Content starts
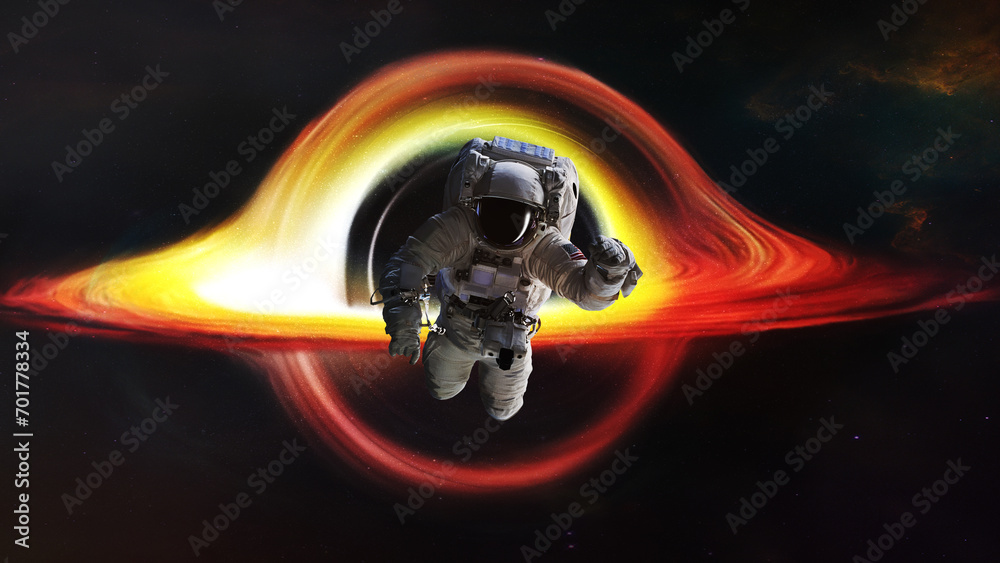 Wall mural astronaut in deep space close to the black hole and event horizon. elements of this image furnished 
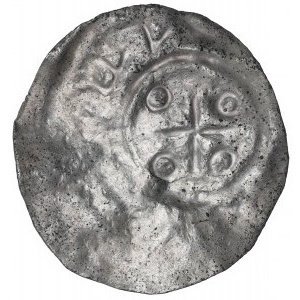 Bolesław I Chrobry, Wielkopolska, Denar typu REX (ok. 1015-1020) - jednostronny WIELKA RZADKOŚĆ
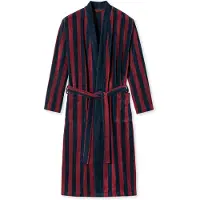 Schiesser Badjas lang navy / bordeaux
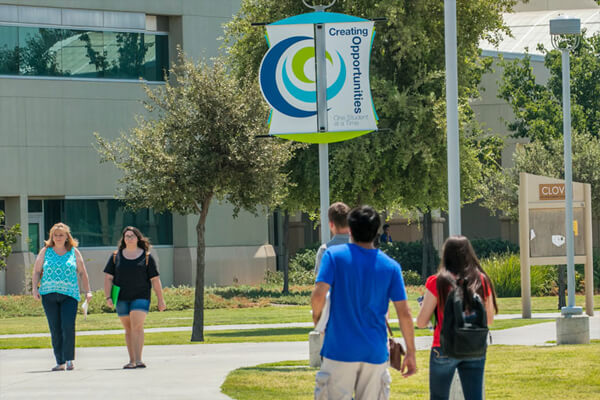 Students on the Clovis Community College campus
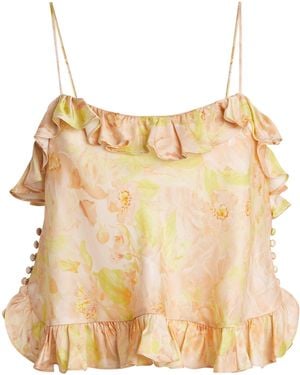 Sandro Satin Floral Print Cami Top - Natural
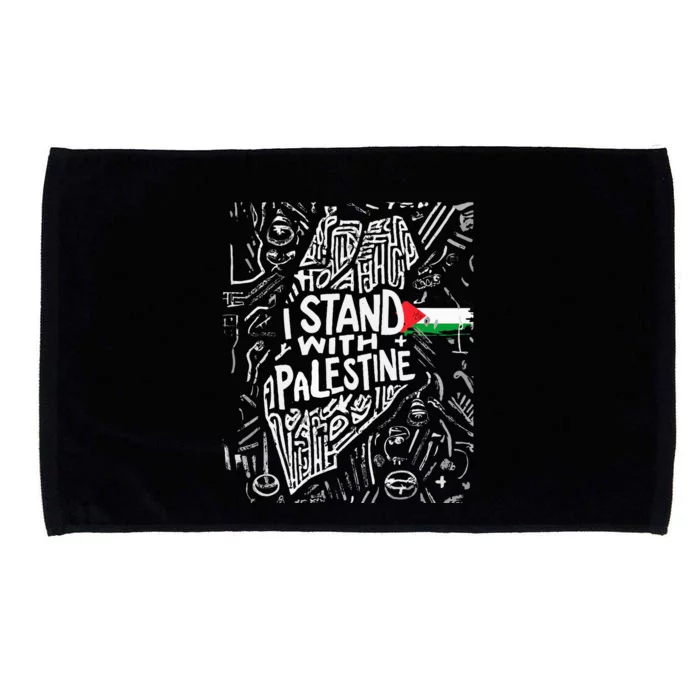 i stand with palestine quote a free palestine design Microfiber Hand Towel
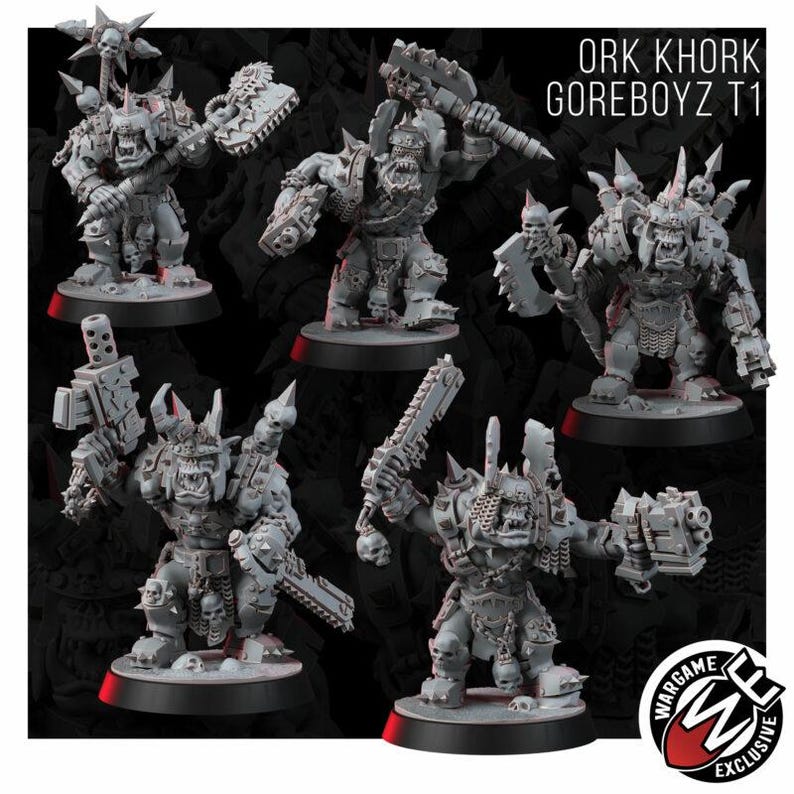 Ork Khork Choppa Goreboyz | Miniatury z żywicy 16k | 28 mm 32 mm Gry bitewne | Niepomalowane zdjęcie 11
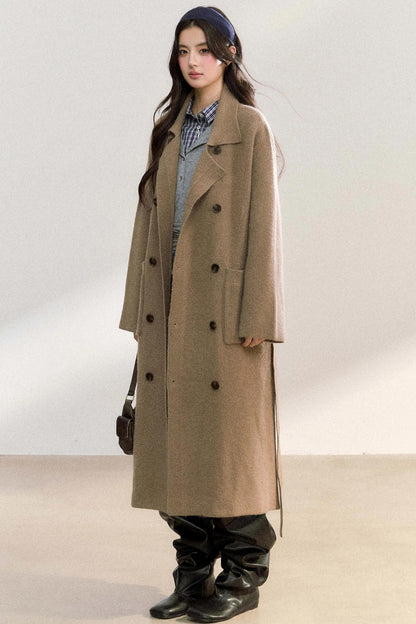 Lapel Double-Breasted Knit Coat
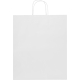 Sac en papier blanc vu de face avec poignées torsadées, présenté sans personnalisation visible.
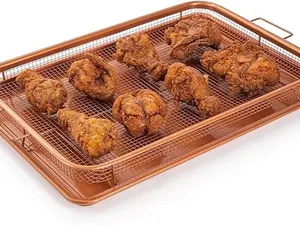 Copper Crisper Tray Non-Stick Oven Baking Tray with Elevated Mesh Crisping Grill Basket 2 Piece Set Extra Large 13"X19" Bakeware Ceramic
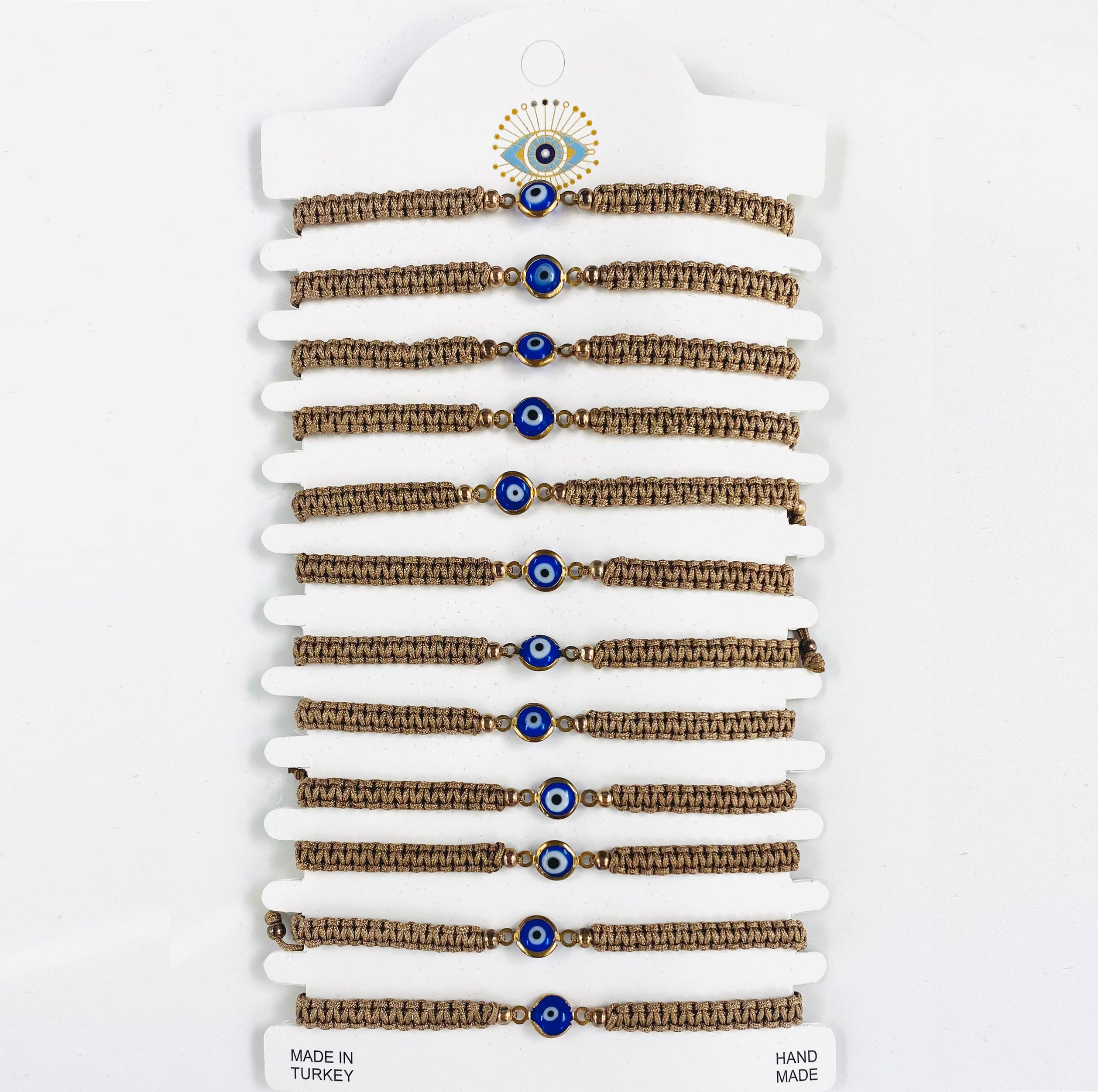 Navy Stone Copper Plated Evileye Rope Bracelet Set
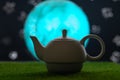Tea time, oriental tales, teapot with oriental background, starry sky and moon. Delicious and spicy tea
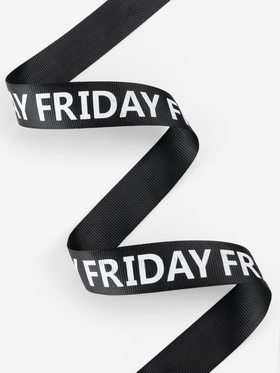 Лента репсовая «Friday», 25 мм, 23±1 м, белая, чёрная
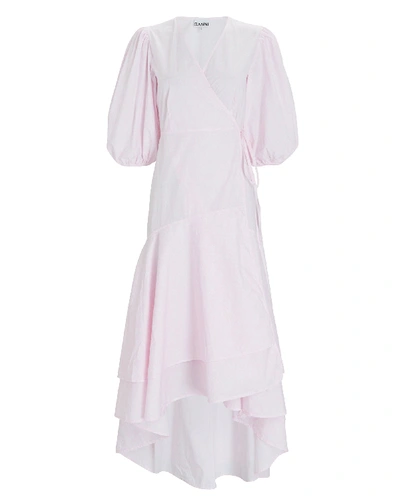 Shop Ganni Poplin Puff Sleeve Wrap Dress In Pink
Content ends
__Assigned task__
Give again the lines of the listing above that run from the one with "Bolesław I Chrobry, Wielkopolska, Denar" up to and including the one with "Navy Stone Copper". Keep them exact and omit the pictures.

__Reply__
 Bolesław I Chrobry, Wielkopolska, Denar typu REX (ok. 1015-1020) - jednostronny WIELKA RZADKOŚĆ
 Schiesser Badjas lang navy / bordeaux
 Students on the Clovis Community College campus
 Sandro Satin Floral Print Cami Top - Natural
 i stand with palestine quote a free palestine design Microfiber Hand Towel
 Ork Khork Choppa Goreboyz | Miniatury z żywicy 16k | 28 mm 32 mm Gry bitewne | Niepomalowane zdjęcie 11
 Lapel Double-Breasted Knit Coat
 Sac en papier blanc vu de face avec poignées torsadées, présenté sans personnalisation visible.
 Copper Crisper Tray Non-Stick Oven Baking Tray with Elevated Mesh Crisping Grill Basket 2 Piece Set Extra Large 13"X19" Bakeware Ceramic
 Navy Stone Copper Plated Evileye Rope Bracelet Set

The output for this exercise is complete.